Coup de cœur : "Le Roi des bourdons", le chef-d'oeuvre de David de Thuin enfin réédité

Mais un jour, alors qu’il travaille avec son frère dans le jardin de sa mère laissé en friche, Zola sauve un bourdon de la noyade. Il n’imaginait pas que ce geste anodin allait peut-être changer sa vie à tout jamais. Ce geste désintéressé, témoignage de la pureté de ses intentions, lui vaut la gratitude des bourdons. Les insectes se placent autour de lui, créant une forme de costume qui lui permet de voler. Et ils lui proposent également leur gelée royale, un liquide qu’ils sécrètent et qui permet à Zola de posséder une force démultipliée. Métamorphosé en super-héros, Zola le « Roi des bourdons » va alors devenir le rival – dans la vraie vie – d’Hyperclébard...

Dès 2005, les amateurs de bande dessinée voient apparaître de curieux petits fascicules en format A5 dans certaines de leurs librairies. Même pas de code-barre sur les premiers volumes, cette autoédition sent le travail artisanal. Pourtant, dès qu’ils ouvrent chaque mince recueil composé d’une trentaine de planches, il y a un choc, une osmose immédiate qui s’en dégage. Impossible de savoir si l’auteur ira au bout de ce récit découpé en chapitres, mais qu’importe, les albums se vendent et le bouche-à-oreille fait son œuvre.

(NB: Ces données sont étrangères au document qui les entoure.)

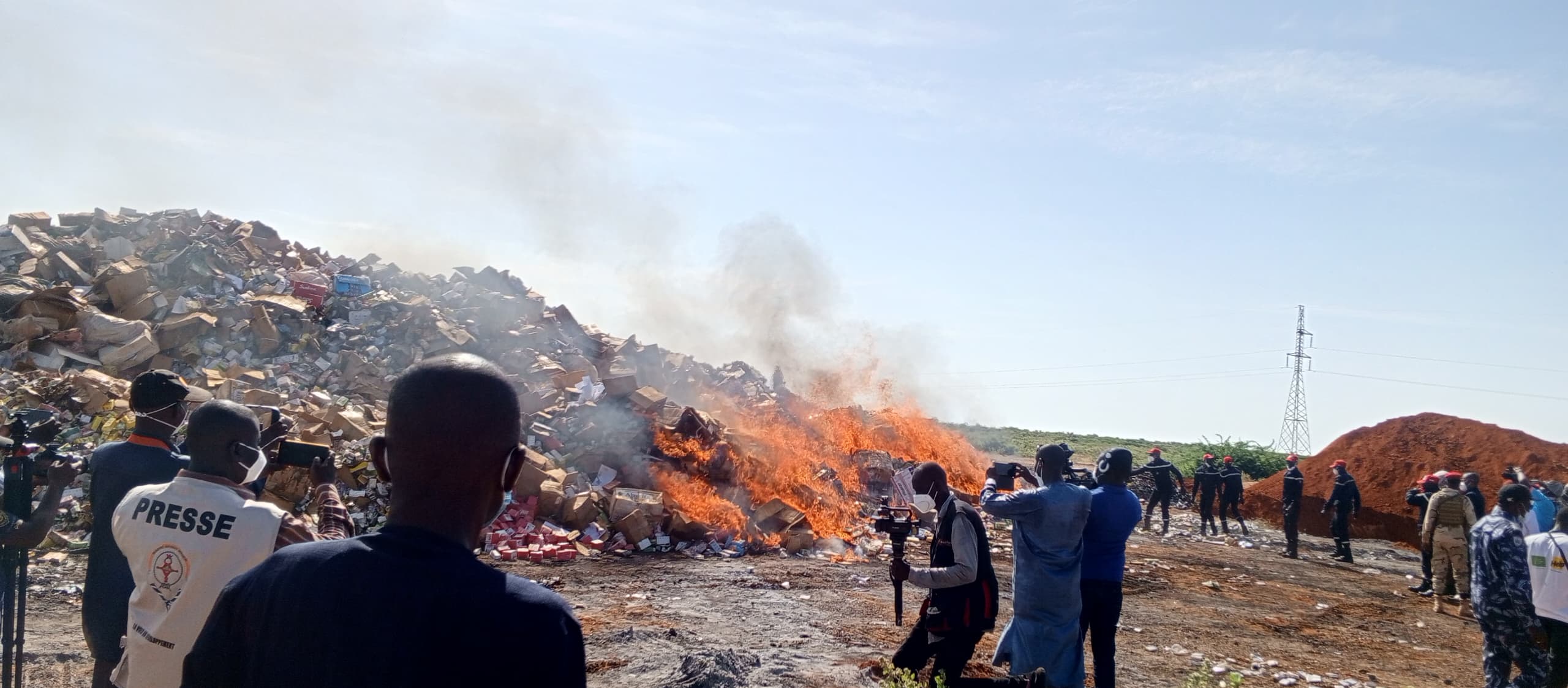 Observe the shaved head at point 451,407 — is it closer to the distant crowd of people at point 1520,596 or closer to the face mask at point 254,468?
the face mask at point 254,468

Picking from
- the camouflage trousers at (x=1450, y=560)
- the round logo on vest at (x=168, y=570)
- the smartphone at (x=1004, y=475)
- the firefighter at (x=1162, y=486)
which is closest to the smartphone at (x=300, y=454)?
the round logo on vest at (x=168, y=570)

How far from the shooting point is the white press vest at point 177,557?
8.86 feet

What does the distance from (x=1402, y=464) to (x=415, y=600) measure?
105 ft

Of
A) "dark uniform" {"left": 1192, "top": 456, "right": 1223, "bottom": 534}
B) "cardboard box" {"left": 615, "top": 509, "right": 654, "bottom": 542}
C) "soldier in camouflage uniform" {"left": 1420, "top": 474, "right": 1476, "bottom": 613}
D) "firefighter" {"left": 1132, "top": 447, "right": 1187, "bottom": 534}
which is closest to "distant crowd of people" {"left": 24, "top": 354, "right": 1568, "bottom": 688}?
"soldier in camouflage uniform" {"left": 1420, "top": 474, "right": 1476, "bottom": 613}

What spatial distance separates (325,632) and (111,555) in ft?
8.92

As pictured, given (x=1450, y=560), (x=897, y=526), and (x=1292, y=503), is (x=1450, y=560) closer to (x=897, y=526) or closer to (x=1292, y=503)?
(x=1292, y=503)

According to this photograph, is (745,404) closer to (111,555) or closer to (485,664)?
(111,555)

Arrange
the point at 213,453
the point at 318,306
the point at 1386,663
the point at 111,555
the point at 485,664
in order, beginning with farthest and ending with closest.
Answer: the point at 318,306, the point at 1386,663, the point at 111,555, the point at 213,453, the point at 485,664

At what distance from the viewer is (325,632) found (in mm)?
1427

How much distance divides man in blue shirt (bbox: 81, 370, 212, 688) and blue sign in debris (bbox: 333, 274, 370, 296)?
1582 cm

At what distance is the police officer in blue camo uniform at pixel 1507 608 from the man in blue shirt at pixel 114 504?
278 inches

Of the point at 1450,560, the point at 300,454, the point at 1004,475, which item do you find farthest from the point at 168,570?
the point at 1450,560

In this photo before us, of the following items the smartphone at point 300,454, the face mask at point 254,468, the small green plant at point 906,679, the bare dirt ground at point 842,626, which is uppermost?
the smartphone at point 300,454

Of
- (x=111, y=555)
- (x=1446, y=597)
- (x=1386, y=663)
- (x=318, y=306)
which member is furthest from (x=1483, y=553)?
(x=318, y=306) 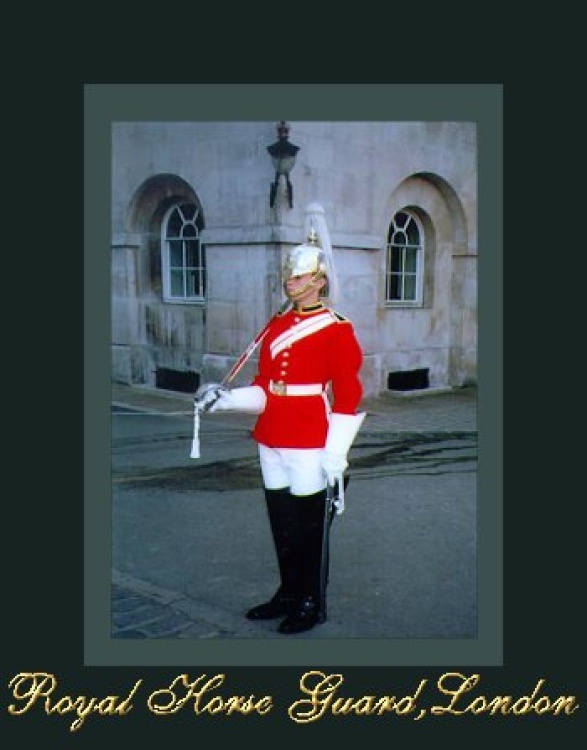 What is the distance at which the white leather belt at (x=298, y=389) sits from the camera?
139 inches

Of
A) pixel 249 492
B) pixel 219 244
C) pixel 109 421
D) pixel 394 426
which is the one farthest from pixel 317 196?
pixel 109 421

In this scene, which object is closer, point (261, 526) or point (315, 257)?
point (315, 257)

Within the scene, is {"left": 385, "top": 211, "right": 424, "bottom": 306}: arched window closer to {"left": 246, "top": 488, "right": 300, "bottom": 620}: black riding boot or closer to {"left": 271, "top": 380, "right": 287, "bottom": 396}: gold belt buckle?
{"left": 271, "top": 380, "right": 287, "bottom": 396}: gold belt buckle

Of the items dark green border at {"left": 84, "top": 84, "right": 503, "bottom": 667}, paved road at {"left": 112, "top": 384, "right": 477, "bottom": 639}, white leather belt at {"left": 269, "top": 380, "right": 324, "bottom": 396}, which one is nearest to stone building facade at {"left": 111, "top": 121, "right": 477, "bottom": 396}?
paved road at {"left": 112, "top": 384, "right": 477, "bottom": 639}

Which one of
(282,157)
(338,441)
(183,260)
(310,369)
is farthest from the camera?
(183,260)

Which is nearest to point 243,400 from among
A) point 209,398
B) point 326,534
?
point 209,398

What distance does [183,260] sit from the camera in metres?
5.33

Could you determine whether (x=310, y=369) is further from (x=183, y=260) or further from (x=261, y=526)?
(x=183, y=260)

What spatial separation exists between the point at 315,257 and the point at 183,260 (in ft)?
6.64

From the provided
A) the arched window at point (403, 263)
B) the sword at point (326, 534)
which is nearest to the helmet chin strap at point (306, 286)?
the sword at point (326, 534)

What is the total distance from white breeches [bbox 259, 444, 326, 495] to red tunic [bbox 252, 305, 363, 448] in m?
0.04

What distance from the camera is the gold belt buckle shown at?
140 inches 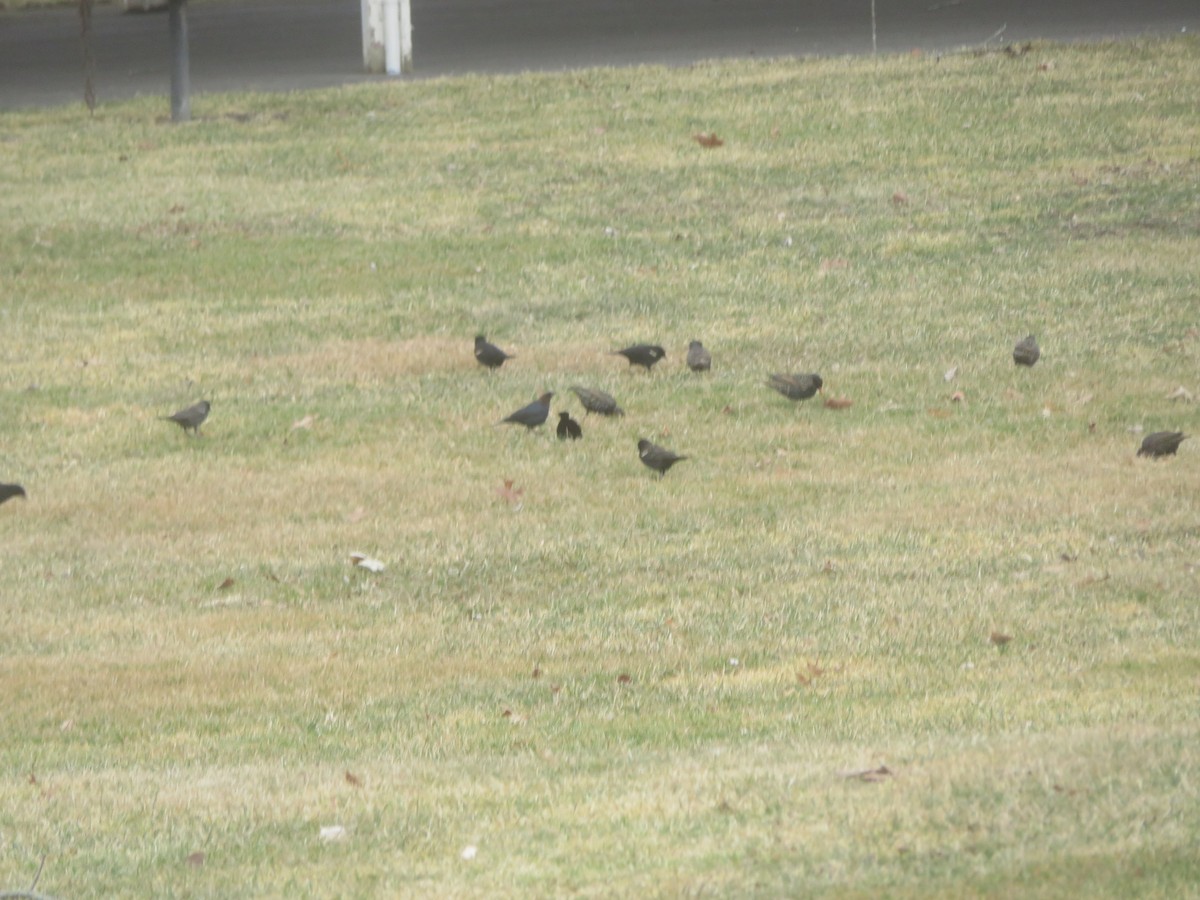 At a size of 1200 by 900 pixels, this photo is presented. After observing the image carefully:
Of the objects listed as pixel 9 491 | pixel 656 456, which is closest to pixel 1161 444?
pixel 656 456

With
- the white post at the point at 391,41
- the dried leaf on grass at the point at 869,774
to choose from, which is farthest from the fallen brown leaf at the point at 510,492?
the white post at the point at 391,41

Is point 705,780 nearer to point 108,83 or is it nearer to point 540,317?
point 540,317

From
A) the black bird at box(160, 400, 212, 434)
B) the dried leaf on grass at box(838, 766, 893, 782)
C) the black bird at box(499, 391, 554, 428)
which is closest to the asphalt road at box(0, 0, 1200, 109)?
the black bird at box(160, 400, 212, 434)

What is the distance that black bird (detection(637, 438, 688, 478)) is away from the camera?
11.4 m

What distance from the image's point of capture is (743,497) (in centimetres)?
1123

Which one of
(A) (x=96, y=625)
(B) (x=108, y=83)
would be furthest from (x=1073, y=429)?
(B) (x=108, y=83)

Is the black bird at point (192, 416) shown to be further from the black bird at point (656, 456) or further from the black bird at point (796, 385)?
the black bird at point (796, 385)

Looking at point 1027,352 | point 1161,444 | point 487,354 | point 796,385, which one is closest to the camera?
point 1161,444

En effet, Le Roi des Bourdons se glisse entre l’autobiographie et les récits de super-héros. Tout dans ce Zola, manutentionnaire dans une grosse maison d’édition -que l’on devine être Dupuis vu que l’album est imprimé à Marcinelle - et auteur de BD la nuit, respire la sincérité. Et dans le même temps, ce récit d’un simple homme aux valeurs positives qui devient un super-héros a de quoi passionner et intriguer !

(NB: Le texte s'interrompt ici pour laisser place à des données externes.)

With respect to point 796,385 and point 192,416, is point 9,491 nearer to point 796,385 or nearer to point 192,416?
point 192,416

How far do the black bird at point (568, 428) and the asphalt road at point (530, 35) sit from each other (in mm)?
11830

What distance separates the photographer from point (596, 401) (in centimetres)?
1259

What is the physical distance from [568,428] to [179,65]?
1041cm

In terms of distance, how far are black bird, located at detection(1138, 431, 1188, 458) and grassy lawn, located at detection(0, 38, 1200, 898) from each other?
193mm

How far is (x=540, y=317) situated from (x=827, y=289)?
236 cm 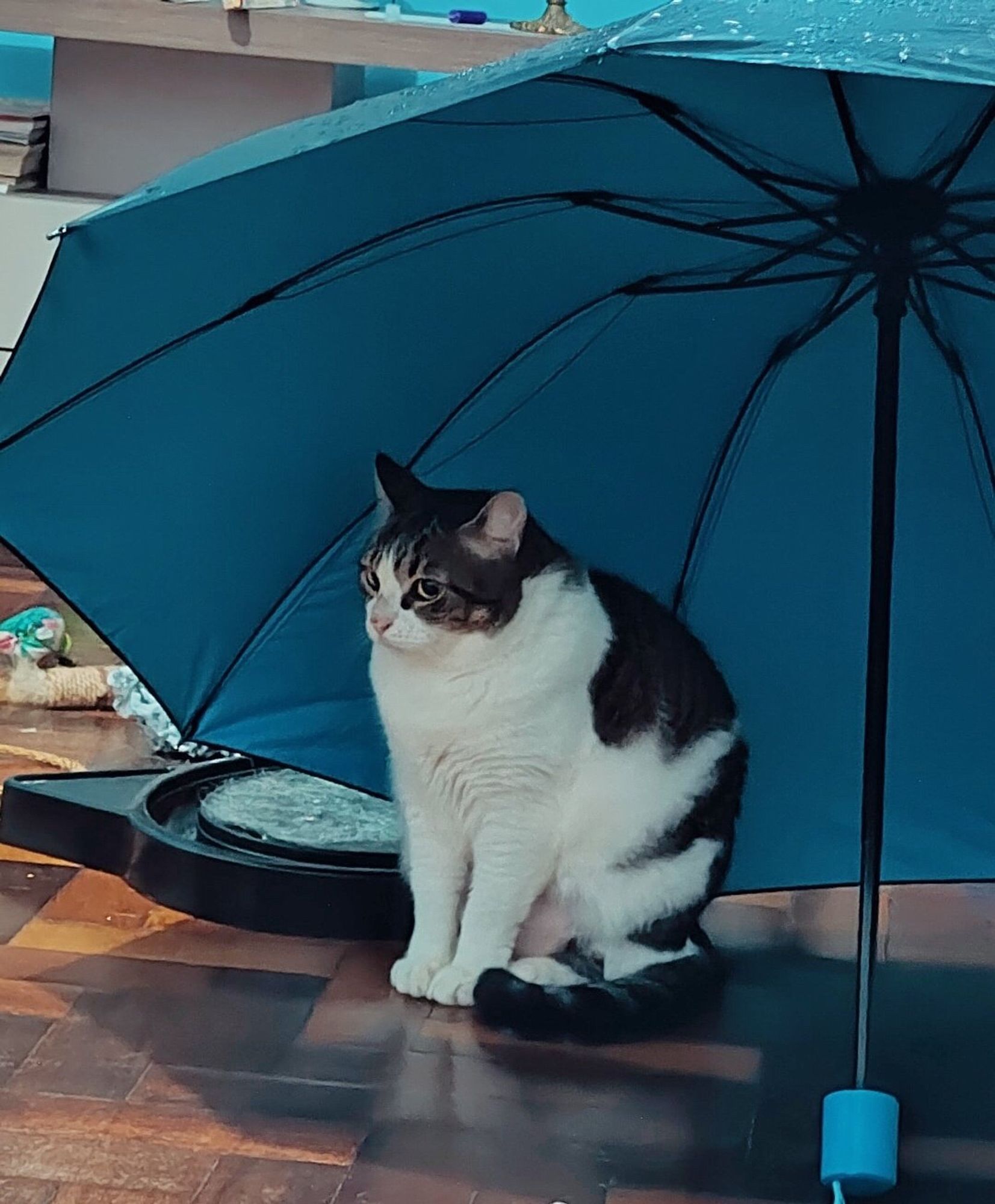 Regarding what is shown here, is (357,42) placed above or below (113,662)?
above

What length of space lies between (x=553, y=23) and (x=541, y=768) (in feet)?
5.90

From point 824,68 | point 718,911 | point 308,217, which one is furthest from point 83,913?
point 824,68

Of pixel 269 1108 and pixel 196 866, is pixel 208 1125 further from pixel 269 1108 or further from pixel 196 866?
pixel 196 866

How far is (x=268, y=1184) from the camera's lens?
1353 mm

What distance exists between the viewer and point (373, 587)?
63.9 inches

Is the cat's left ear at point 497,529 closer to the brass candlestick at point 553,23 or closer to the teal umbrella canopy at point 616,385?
the teal umbrella canopy at point 616,385

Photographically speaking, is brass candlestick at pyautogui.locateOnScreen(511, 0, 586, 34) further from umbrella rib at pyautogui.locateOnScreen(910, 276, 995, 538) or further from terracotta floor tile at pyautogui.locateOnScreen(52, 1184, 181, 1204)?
terracotta floor tile at pyautogui.locateOnScreen(52, 1184, 181, 1204)

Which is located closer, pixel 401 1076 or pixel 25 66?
pixel 401 1076

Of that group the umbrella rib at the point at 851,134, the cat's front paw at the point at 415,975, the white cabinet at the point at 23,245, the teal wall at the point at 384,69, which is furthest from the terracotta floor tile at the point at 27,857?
the teal wall at the point at 384,69

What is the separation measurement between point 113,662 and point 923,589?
1335mm

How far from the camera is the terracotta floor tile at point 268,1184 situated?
133 centimetres

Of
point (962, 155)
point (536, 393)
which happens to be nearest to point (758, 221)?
point (962, 155)

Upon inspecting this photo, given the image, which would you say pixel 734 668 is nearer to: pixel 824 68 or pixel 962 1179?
pixel 962 1179

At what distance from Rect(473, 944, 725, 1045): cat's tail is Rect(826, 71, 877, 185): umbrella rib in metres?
0.72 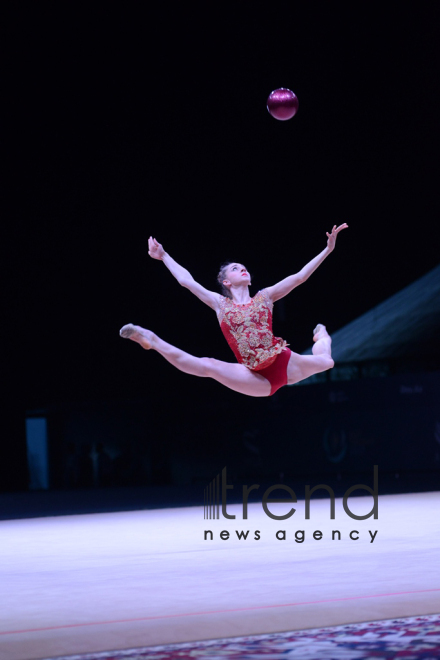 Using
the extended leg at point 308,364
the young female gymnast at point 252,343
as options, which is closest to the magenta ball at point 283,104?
the young female gymnast at point 252,343

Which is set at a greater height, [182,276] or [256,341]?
[182,276]

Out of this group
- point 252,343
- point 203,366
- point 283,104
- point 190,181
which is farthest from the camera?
point 190,181

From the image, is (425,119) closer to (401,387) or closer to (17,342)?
(401,387)

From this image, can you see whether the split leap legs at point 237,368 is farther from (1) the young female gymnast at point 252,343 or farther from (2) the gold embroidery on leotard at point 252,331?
(2) the gold embroidery on leotard at point 252,331

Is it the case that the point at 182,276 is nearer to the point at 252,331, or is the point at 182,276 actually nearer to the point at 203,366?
the point at 252,331

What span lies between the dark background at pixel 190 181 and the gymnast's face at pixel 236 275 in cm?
559

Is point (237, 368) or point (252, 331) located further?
point (252, 331)

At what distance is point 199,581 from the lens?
5.55 meters

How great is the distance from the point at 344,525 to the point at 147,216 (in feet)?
22.1

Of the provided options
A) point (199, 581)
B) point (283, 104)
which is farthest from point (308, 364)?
point (283, 104)

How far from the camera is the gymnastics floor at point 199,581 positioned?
13.5 feet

Si David de Thuin n’était alors pas ouvrier chez Dupuis, il avoue lui-même qu’il a profité de sa stabilité d’alors et des revenus tirés de ses publications chez les « gros éditeurs » pour pouvoir mettre tout ce qu’il avait dans le ventre dans ses auto-publications et les financer. Un pari gagnant car Le Roi des bourdons parvient à passionner et émouvoir à la fois, opérant comme un trait d’union entre les romans graphiques et la bande dessinée populaire, le tout porté par le trait sûr et d’apparence innocente de David de Thuin.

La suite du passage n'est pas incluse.